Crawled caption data
'''
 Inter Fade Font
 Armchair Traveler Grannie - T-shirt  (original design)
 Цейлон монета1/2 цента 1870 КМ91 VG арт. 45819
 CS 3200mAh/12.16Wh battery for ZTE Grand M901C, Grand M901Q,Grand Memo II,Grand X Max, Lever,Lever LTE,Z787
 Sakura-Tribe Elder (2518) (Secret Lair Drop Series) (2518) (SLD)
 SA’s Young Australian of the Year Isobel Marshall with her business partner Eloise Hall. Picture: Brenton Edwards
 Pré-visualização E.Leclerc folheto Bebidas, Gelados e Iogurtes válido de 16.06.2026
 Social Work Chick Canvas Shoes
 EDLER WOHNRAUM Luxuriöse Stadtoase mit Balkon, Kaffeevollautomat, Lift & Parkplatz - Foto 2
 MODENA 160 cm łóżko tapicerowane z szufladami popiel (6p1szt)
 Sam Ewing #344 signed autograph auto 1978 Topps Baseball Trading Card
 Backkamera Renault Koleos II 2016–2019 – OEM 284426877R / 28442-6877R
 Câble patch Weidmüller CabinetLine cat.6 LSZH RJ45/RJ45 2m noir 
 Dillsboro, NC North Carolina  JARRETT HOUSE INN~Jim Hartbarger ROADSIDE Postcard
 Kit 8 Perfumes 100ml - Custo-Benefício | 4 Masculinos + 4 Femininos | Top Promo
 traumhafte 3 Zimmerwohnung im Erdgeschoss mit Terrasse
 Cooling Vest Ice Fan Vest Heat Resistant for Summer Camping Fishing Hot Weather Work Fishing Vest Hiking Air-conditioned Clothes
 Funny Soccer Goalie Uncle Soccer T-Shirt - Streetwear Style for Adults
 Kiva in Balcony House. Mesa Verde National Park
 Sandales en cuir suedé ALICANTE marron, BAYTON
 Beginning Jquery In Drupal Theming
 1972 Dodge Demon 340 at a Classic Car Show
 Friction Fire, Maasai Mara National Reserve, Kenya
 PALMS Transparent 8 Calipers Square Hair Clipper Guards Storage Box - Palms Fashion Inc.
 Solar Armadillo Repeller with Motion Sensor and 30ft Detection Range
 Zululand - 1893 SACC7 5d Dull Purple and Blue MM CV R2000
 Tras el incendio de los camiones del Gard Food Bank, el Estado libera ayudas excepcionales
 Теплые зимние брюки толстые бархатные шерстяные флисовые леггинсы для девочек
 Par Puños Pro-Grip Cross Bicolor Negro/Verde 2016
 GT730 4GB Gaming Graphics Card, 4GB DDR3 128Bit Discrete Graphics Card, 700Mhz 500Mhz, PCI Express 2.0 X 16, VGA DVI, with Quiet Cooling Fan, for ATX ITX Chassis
'''
- [What you need to do]
Whenever a line of the data includes the word "Work", show that line in full.

- [Task response]
 Social Work Chick Canvas Shoes
 Cooling Vest Ice Fan Vest Heat Resistant for Summer Camping Fishing Hot Weather Work Fishing Vest Hiking Air-conditioned Clothes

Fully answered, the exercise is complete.